茜色の夕日
「ああ、重い……。」
「そうだね、平助くん……。」
柚季は平助と二人で日が暮れてまもない街を歩いていた。
普通の女の子ならドキドキするシチュエーションだが、それどころではなかった。荷物がとてつもなく重いのだ。
平助は、大根三本と、ほかの野菜。柚季は、大根二本と、そのほかの野菜をもっている。肩が外れるかと思うほどの重量だ。テスト前のリュックよりも重たい。
こうなったのも、遡ること一時間。
稽古着から着物に着替え終わった頃のこと。
「柚季ちゃん!」
ミツが入ってきた。
「なんですか?」
「確か藤堂君と仲が良いわよね? 二人に買ってきて欲しいものがあるんだけど……。」
「了解です。」
思えば、この時に断らなかったのが元凶だ。まあ、目上の人に頼まれて、断ることなどできるはずがないのだが。

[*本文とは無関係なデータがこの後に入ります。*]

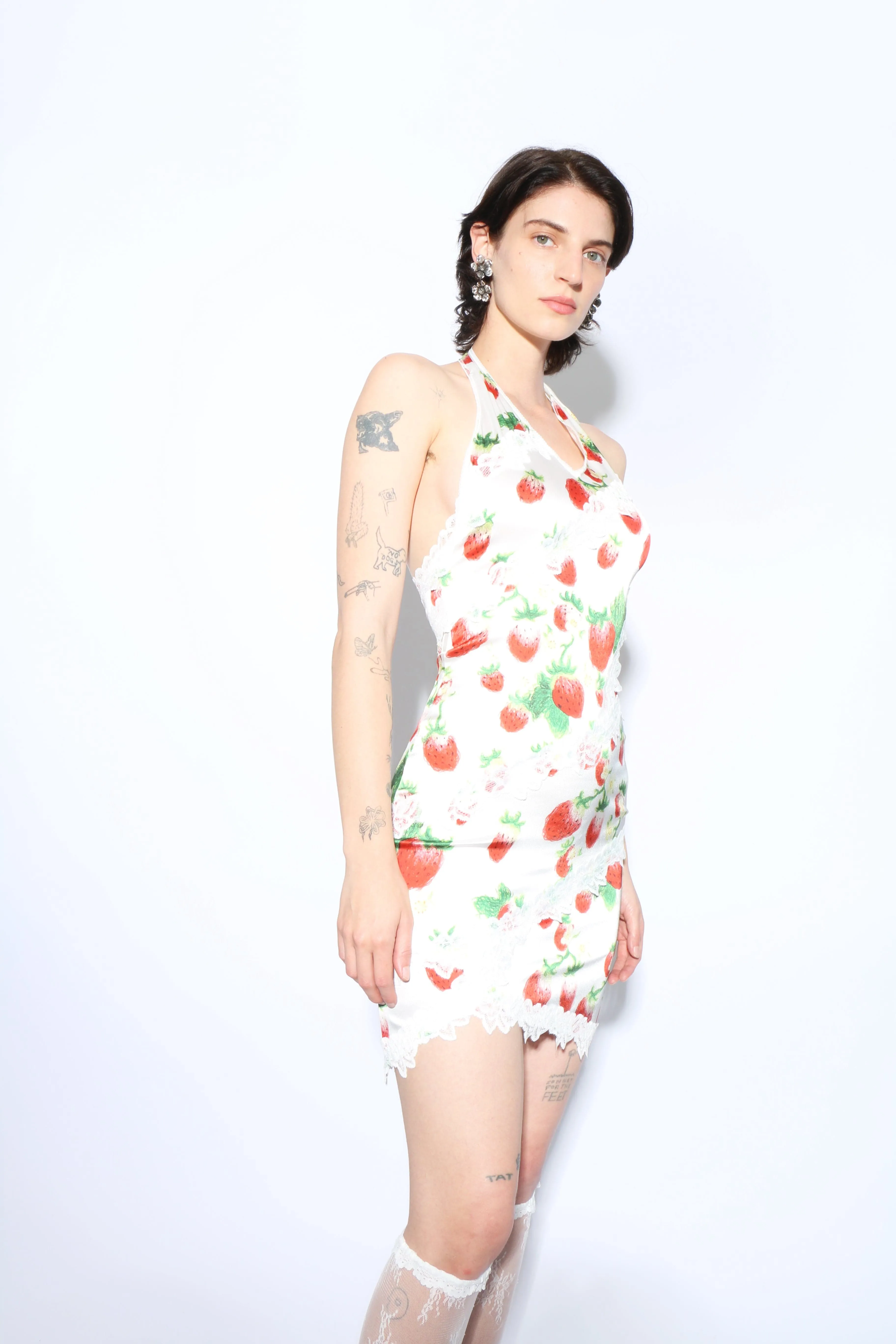 Strawberry Lace Satin Dress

とん。小さな衝撃が肩に走った。この荷物の量だ。よろけてしまった。
「すまねえ、お嬢ちゃん。」
ぶつかってきた男はそう言って去っていった。
転びそう。だが、柚季の着物が土で汚れる事はなかった。
「大丈夫? 柚季。」
藤堂に支えられていたのだ。私は決して軽くないはずなのだが、藤堂は荷物を持ちながら、私の背中に手を当てている。
「ごめんね! 平助くん! 重かったよね、腕つってない?」
「柚季、背筋ものすごいあるな。」
必死に謝った柚季に対する藤堂の返事はこれだった。
「デリカシーなさすぎ……。」
ちいさく呟いた。
「みて!」
藤堂が突然、川の方を指さして言った。
「すごい綺麗だよ。」
それは、切ないほどに美しかった。
黄昏時の金色の光が川面をきらきらと反射している。
町の喧騒が、遠く感じる。まるで、別世界のよう。
この時代でしか見ることの出来ないこの景色をしっかりと目に焼き付けておきたい。そして、自然を前に、少年のように目を輝かせている藤堂の横顔も。
「君のその小さな目から大粒の涙が溢れてきたんだ。忘れることはできないな。そんなこと思っていたんだ。」
夕焼けの空を見つめて、柚季は、ふと、フジファブリックの茜色の夕日を口ずさんでいた。
二人の間には、この歌が流れている。